RECORDED DATA
┄┄┄┄┄┄
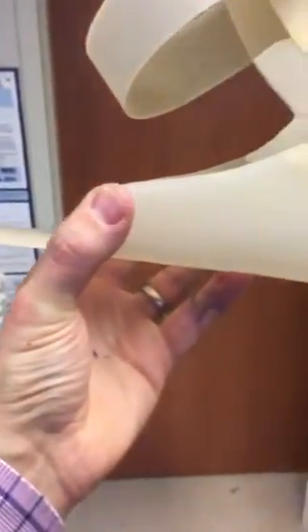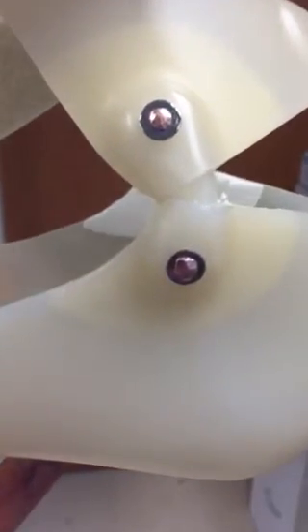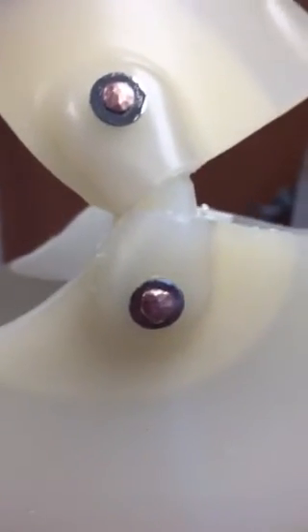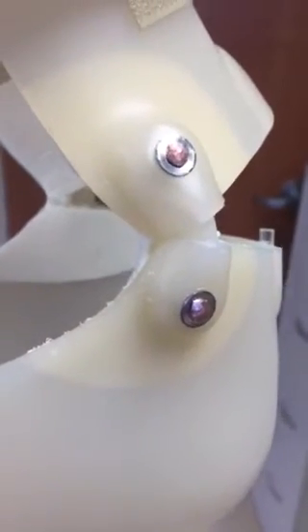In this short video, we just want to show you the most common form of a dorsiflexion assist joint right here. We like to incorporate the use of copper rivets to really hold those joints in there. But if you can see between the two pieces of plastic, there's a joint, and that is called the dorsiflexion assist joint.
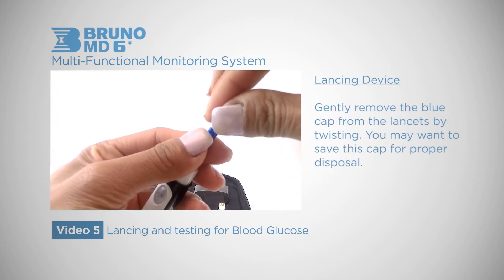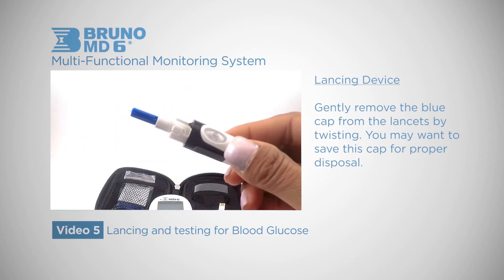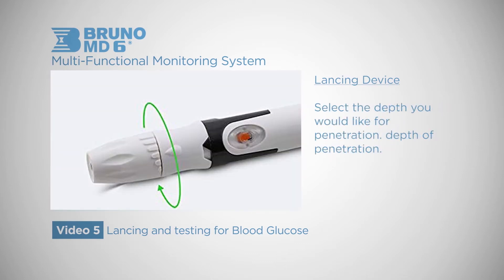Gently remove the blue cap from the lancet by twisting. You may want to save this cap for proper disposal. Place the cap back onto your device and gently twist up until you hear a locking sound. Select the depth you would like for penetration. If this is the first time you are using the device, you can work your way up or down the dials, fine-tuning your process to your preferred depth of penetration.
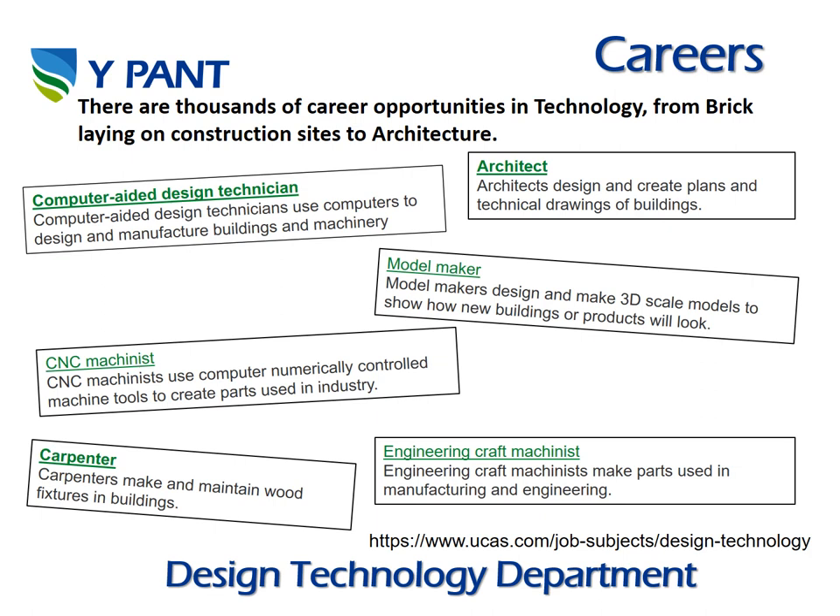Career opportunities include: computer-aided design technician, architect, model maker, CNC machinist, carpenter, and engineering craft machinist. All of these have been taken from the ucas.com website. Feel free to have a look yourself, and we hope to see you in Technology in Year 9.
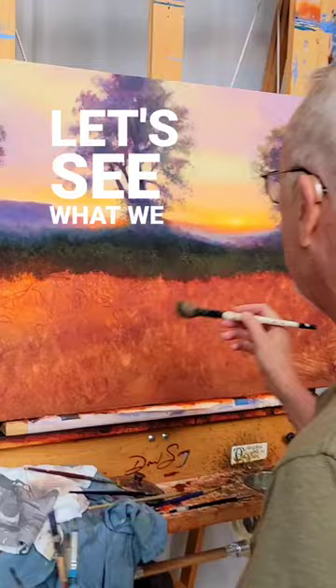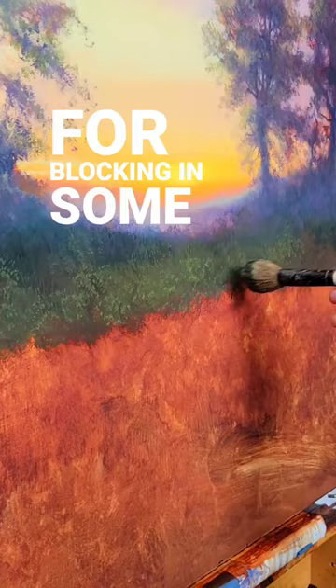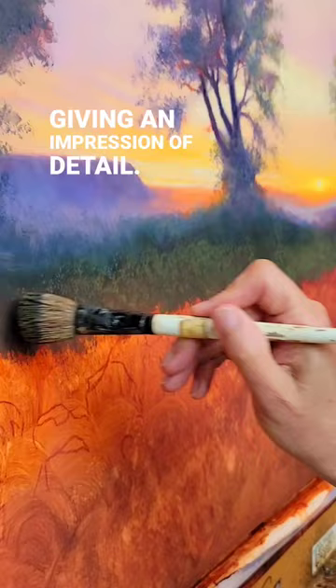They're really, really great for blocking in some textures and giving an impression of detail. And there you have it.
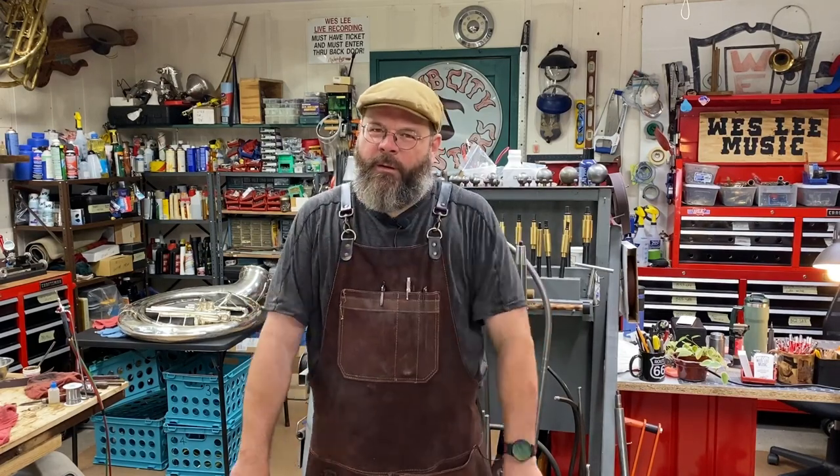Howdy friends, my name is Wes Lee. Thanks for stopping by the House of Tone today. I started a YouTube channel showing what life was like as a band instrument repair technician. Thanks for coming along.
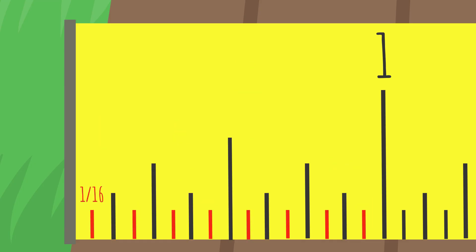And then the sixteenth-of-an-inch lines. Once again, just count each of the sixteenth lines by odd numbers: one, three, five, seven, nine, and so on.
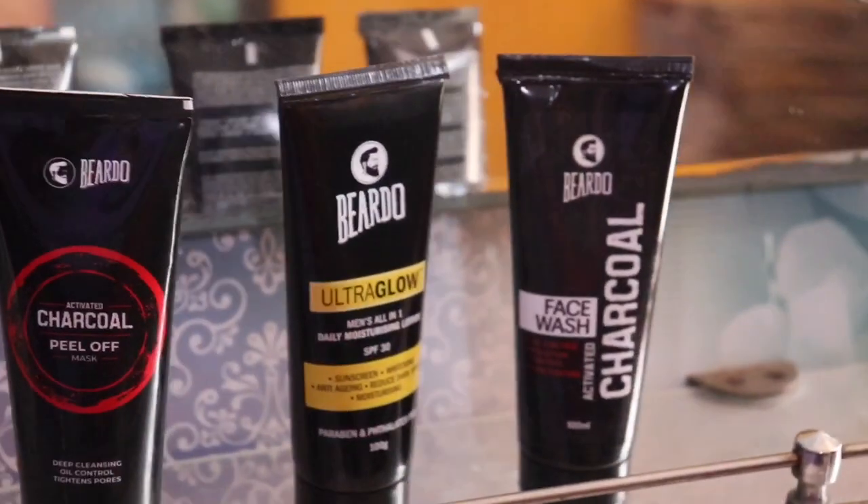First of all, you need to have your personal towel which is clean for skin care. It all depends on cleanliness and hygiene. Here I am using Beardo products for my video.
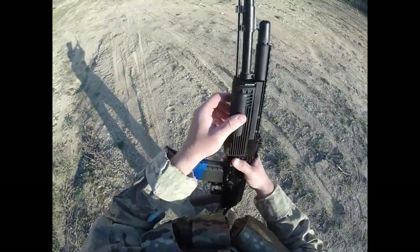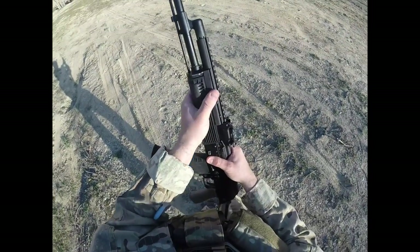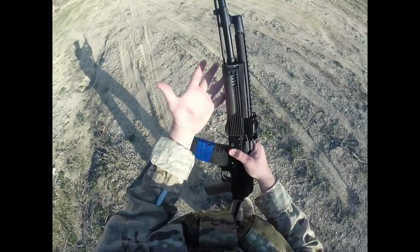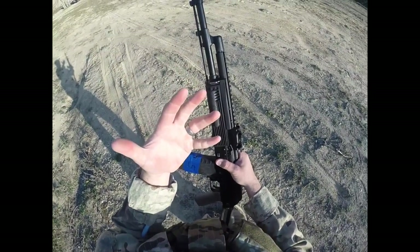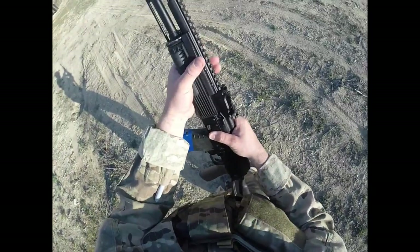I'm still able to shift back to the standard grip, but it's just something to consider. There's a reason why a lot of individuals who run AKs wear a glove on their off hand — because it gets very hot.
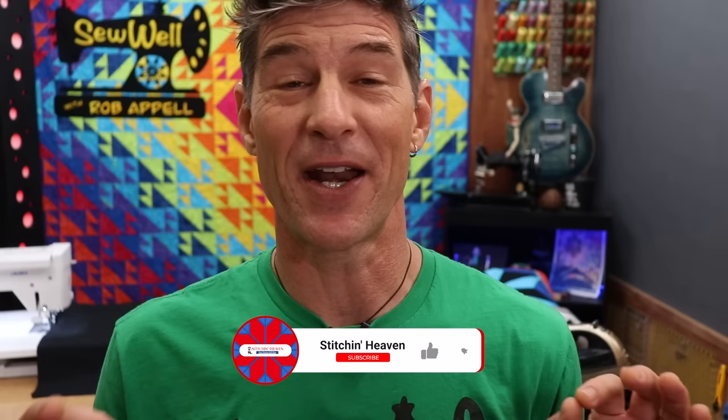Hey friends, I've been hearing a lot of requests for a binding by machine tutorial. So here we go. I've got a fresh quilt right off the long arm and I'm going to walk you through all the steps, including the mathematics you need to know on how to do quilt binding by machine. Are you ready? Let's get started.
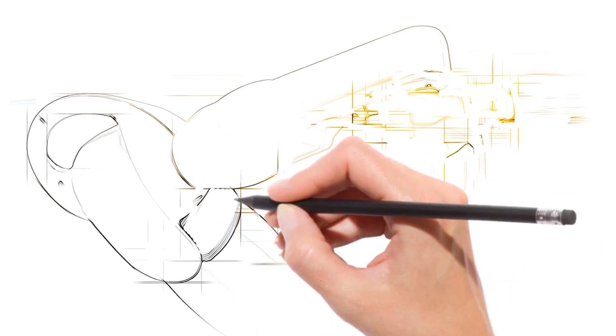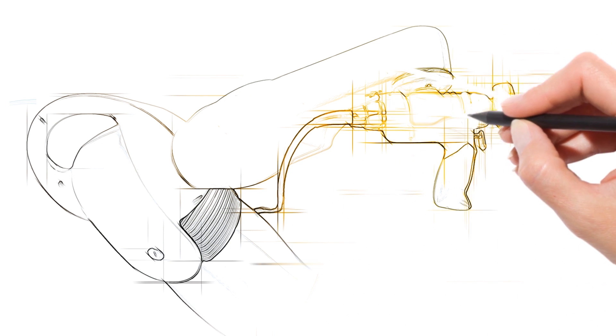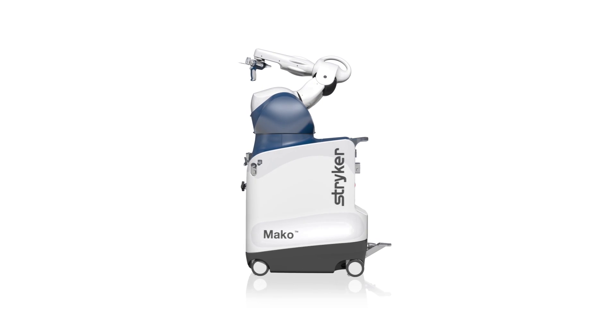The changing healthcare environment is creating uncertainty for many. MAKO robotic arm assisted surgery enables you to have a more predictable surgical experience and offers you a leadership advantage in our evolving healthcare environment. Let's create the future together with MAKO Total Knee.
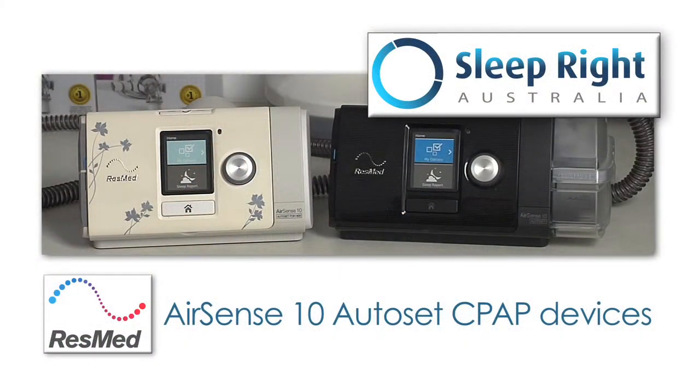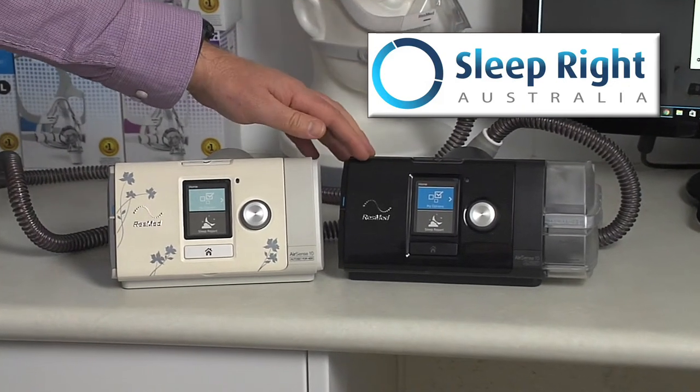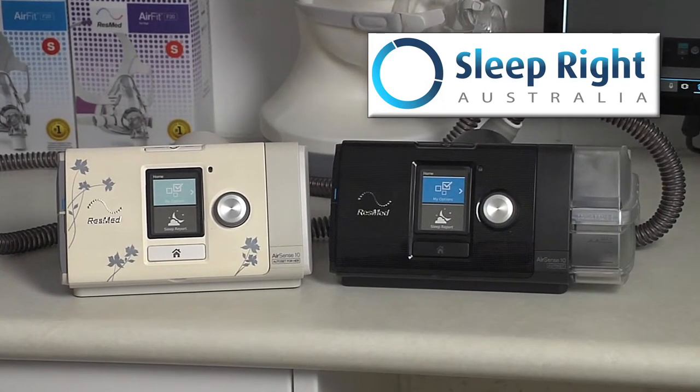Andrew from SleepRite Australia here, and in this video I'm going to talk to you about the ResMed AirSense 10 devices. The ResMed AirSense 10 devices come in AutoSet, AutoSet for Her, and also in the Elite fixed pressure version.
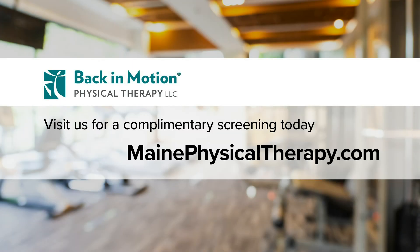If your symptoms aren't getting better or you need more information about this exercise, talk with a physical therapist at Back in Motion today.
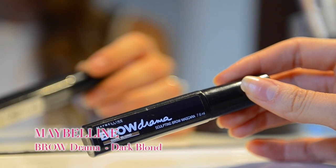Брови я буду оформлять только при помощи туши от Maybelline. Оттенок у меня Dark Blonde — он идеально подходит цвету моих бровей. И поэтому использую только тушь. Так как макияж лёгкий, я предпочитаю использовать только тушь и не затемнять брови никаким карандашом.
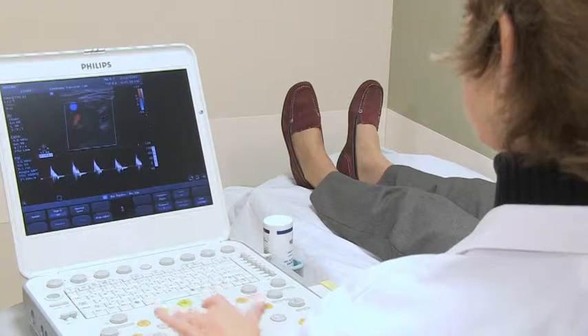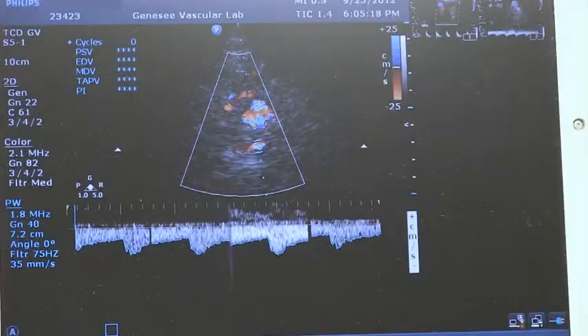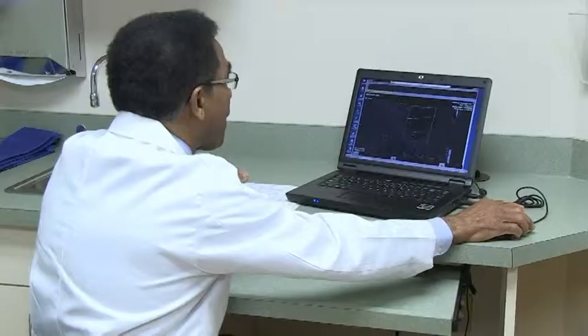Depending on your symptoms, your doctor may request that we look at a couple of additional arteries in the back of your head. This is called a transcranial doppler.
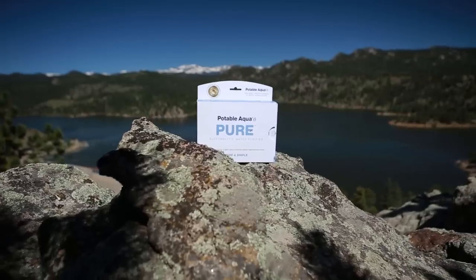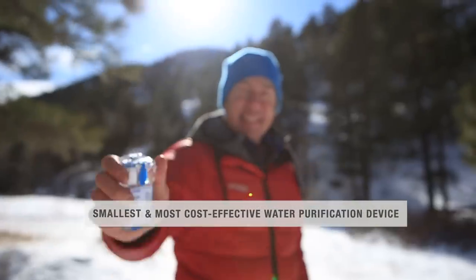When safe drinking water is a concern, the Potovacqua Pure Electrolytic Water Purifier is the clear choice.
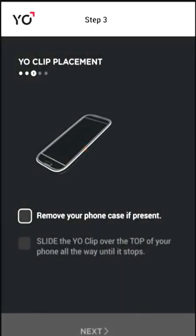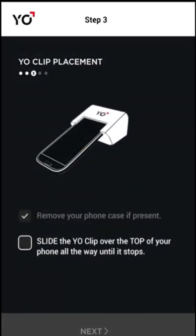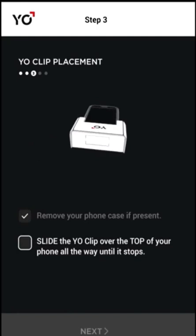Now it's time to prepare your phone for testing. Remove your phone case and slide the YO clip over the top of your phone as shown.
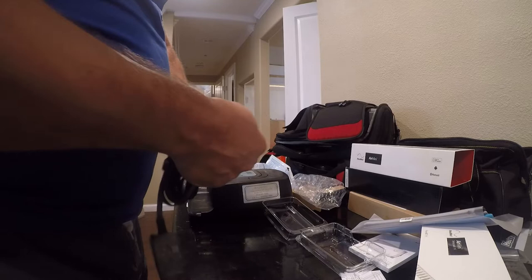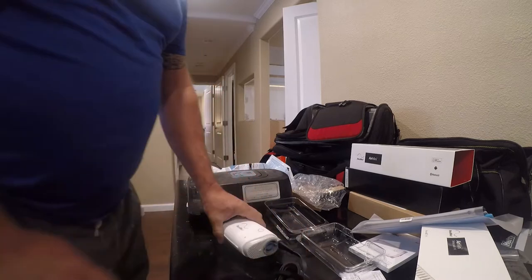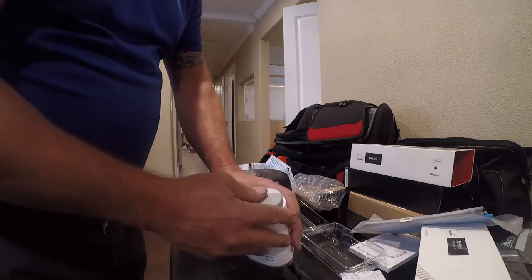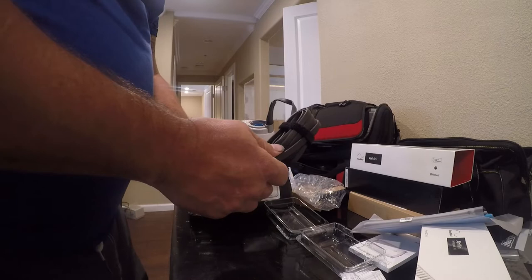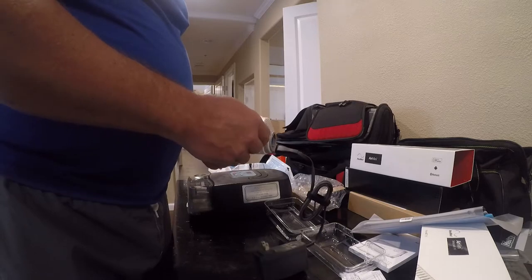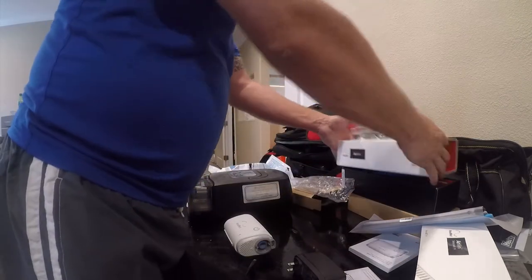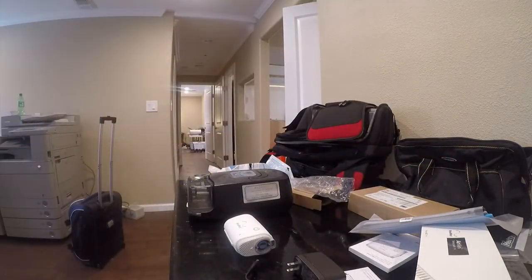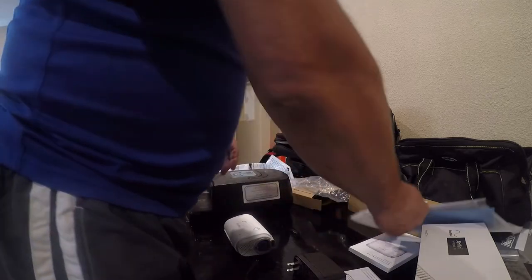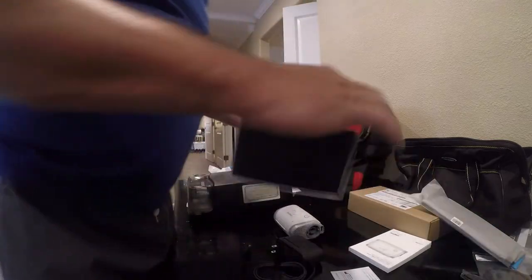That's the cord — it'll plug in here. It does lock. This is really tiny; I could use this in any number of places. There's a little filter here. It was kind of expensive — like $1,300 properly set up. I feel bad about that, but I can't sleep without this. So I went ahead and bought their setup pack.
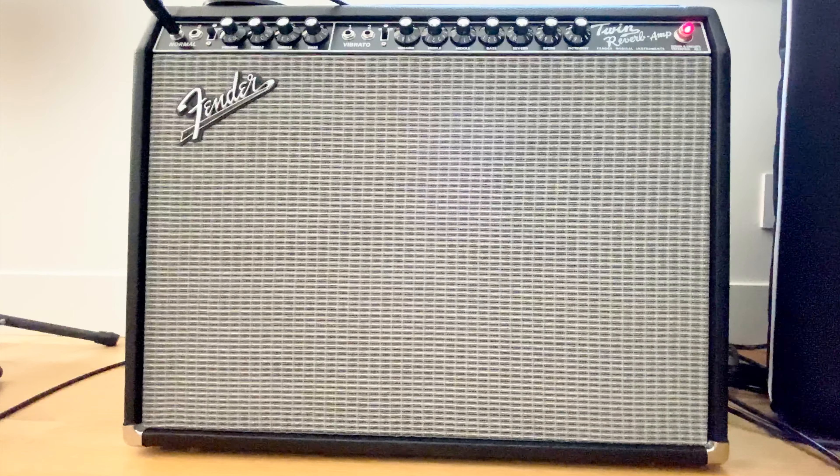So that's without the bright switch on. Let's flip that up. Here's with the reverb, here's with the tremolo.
┄┄┄┄┄┄
YOUR OBJECTIVE
Write out all of the records above. Keep them exact and leave out the pictures.

WORKED SOLUTION
In this short video, we just want to show you the most common form of a dorsiflexion assist joint right here. We like to incorporate the use of copper rivets to really hold those joints in there. But if you can see between the two pieces of plastic, there's a joint, and that is called the dorsiflexion assist joint.
Gently remove the blue cap from the lancet by twisting. You may want to save this cap for proper disposal. Place the cap back onto your device and gently twist up until you hear a locking sound. Select the depth you would like for penetration. If this is the first time you are using the device, you can work your way up or down the dials, fine-tuning your process to your preferred depth of penetration.
Career opportunities include: computer-aided design technician, architect, model maker, CNC machinist, carpenter, and engineering craft machinist. All of these have been taken from the ucas.com website. Feel free to have a look yourself, and we hope to see you in Technology in Year 9.
They're really, really great for blocking in some textures and giving an impression of detail. And there you have it.
Howdy friends, my name is Wes Lee. Thanks for stopping by the House of Tone today. I started a YouTube channel showing what life was like as a band instrument repair technician. Thanks for coming along.
And then the sixteenth-of-an-inch lines. Once again, just count each of the sixteenth lines by odd numbers: one, three, five, seven, nine, and so on.
First of all, you need to have your personal towel which is clean for skin care. It all depends on cleanliness and hygiene. Here I am using Beardo products for my video.
I'm still able to shift back to the standard grip, but it's just something to consider. There's a reason why a lot of individuals who run AKs wear a glove on their off hand — because it gets very hot.
Hey friends, I've been hearing a lot of requests for a binding by machine tutorial. So here we go. I've got a fresh quilt right off the long arm and I'm going to walk you through all the steps, including the mathematics you need to know on how to do quilt binding by machine. Are you ready? Let's get started.
The changing healthcare environment is creating uncertainty for many. MAKO robotic arm assisted surgery enables you to have a more predictable surgical experience and offers you a leadership advantage in our evolving healthcare environment. Let's create the future together with MAKO Total Knee.
Andrew from SleepRite Australia here, and in this video I'm going to talk to you about the ResMed AirSense 10 devices. The ResMed AirSense 10 devices come in AutoSet, AutoSet for Her, and also in the Elite fixed pressure version.
If your symptoms aren't getting better or you need more information about this exercise, talk with a physical therapist at Back in Motion today.
Брови я буду оформлять только при помощи туши от Maybelline. Оттенок у меня Dark Blonde — он идеально подходит цвету моих бровей. И поэтому использую только тушь. Так как макияж лёгкий, я предпочитаю использовать только тушь и не затемнять брови никаким карандашом.
Depending on your symptoms, your doctor may request that we look at a couple of additional arteries in the back of your head. This is called a transcranial doppler.
When safe drinking water is a concern, the Potovacqua Pure Electrolytic Water Purifier is the clear choice.
Now it's time to prepare your phone for testing. Remove your phone case and slide the YO clip over the top of your phone as shown.
That's the cord — it'll plug in here. It does lock. This is really tiny; I could use this in any number of places. There's a little filter here. It was kind of expensive — like $1,300 properly set up. I feel bad about that, but I can't sleep without this. So I went ahead and bought their setup pack.
So that's without the bright switch on. Let's flip that up. Here's with the reverb, here's with the tremolo.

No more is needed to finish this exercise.